Source records:
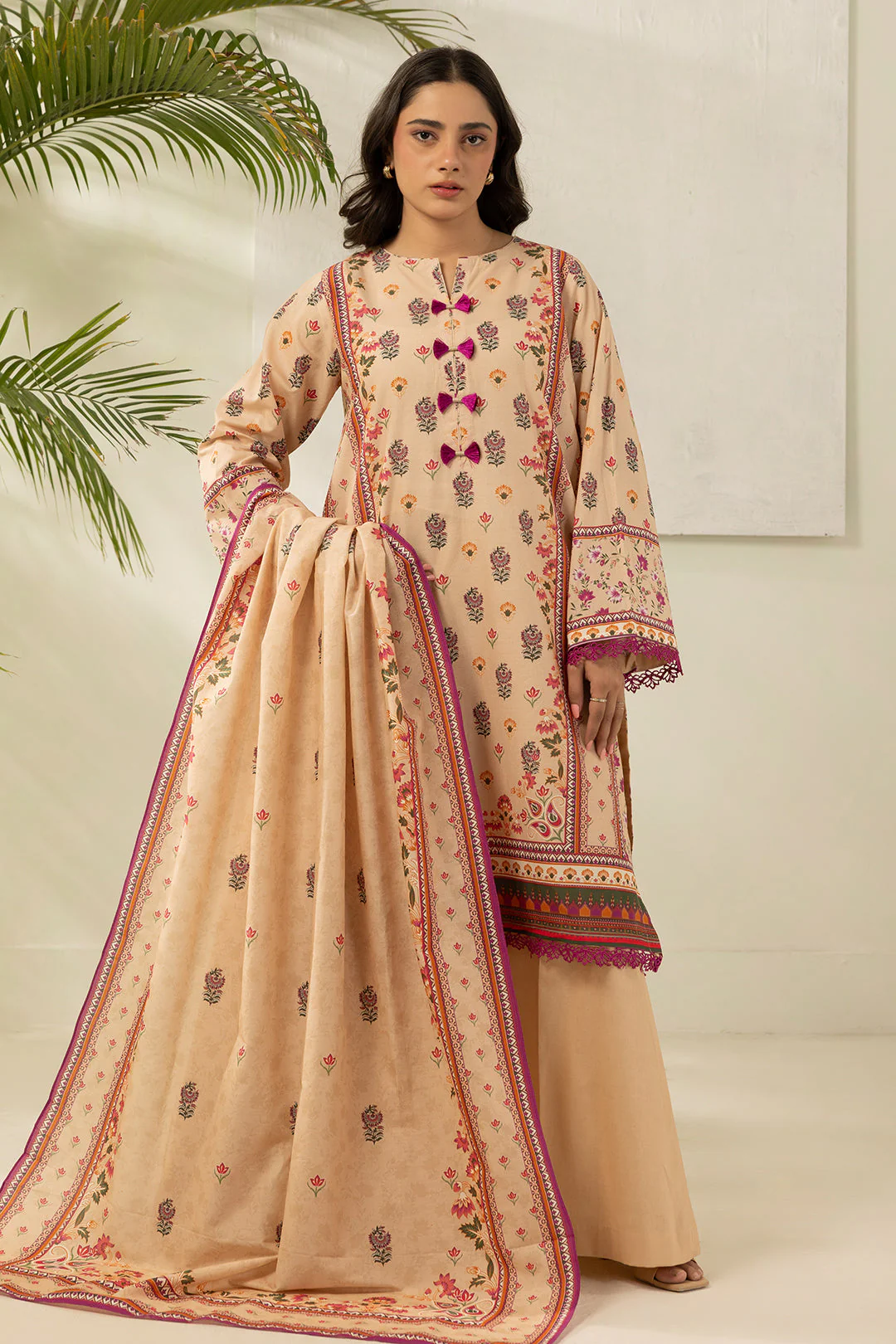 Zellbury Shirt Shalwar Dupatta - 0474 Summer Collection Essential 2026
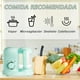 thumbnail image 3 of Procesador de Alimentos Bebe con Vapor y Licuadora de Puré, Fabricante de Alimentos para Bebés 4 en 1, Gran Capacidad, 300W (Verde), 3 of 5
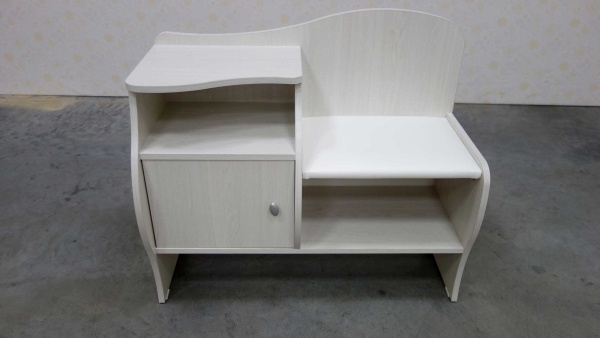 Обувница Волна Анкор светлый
...
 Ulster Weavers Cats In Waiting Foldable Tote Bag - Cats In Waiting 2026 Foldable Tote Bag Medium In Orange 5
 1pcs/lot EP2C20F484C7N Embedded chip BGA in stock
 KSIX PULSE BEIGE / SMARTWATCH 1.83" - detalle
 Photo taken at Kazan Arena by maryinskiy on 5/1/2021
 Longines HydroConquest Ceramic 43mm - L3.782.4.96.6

What the exercise asks: Write out word for word the lines above that run from the one with "thumbnail image 3" to the one with "Обувница Волна Анкор светлый". Include both end lines; exclude the images.

Result:
 thumbnail image 3 of Procesador de Alimentos Bebe con Vapor y Licuadora de Puré, Fabricante de Alimentos para Bebés 4 en 1, Gran Capacidad, 300W (Verde), 3 of 5
 Обувница Волна Анкор светлый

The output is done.